It's hard to know what people actually expect and how people want to use trpc for in this new world where React, since RSC and server actions, solves a lot of the things that trpc was created for.

T.b.h. I used neither NextJS + actions nor TRPC yet, besides a couple of sandboxes (used Zodios more). Still, here's my take on why I'm still interested in TRPC and why I'm not as hyped about RSC and Server Actions as many:

NextJS + RSC + Actions TRPC + React Query
Flexibility Locked into a single framework Compatible with any TypeScript backend
State Control BE (faster first load) FE (faster interactions, flexibility)
API Consumers Single Multiple
Data Sharing Via prop drilling Via prop drilling or React context
Server Architecture Optimized for Edge/Lambda Our choice
Server Features No context, weak middleware, manual validation Context, powerful middleware, integrated validation
Client Features No extra features Extensible client

For me, State Control is the most important part.

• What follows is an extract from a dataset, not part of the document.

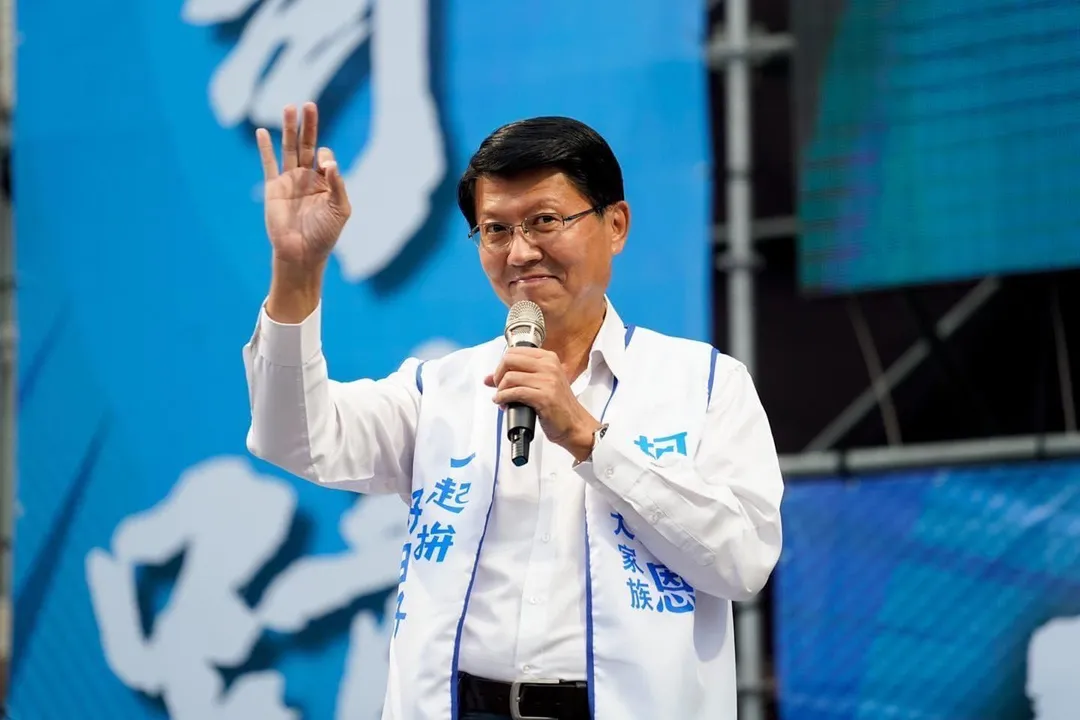 謝龍介提出「0至15歲孩童每月領5000元」政見。（圖／謝龍介臉書）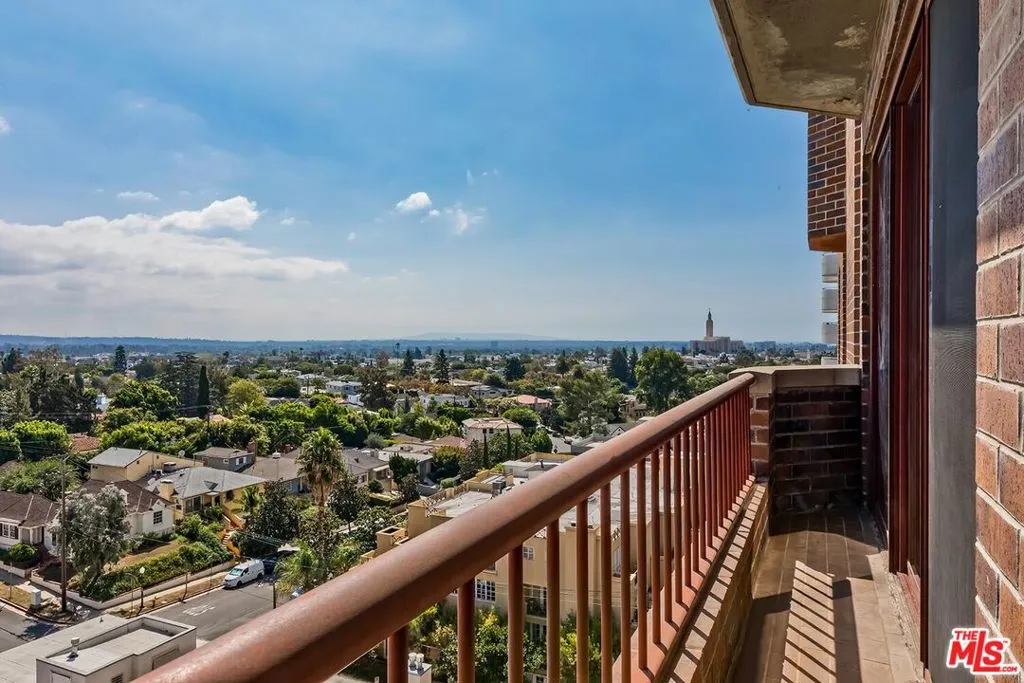 10550 Wilshire Boulevard 804, Los Angeles, California 90024 home-pic-19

When doing frontend-dev, I've been building mostly admin panels these days. Around 2020–2021 NextJS has started to move away from SPA mindset (heavy-interactive), and cater more to heavy-content customers like E-Commerce and image/video platforms. They optimize first load "at all costs" but the first load does not matter nearly as much for interactive apps like games, CMS', etc. Consequent loads and UX performance matters more... and that part was completely ignored (until React 19 that, at least, cleans up long-staled internals and fixes memoization routine). Vercel is free to pursue their business goals, of course, but engineers know that "heavily optimized for X" is inevitably "suboptimal for Y".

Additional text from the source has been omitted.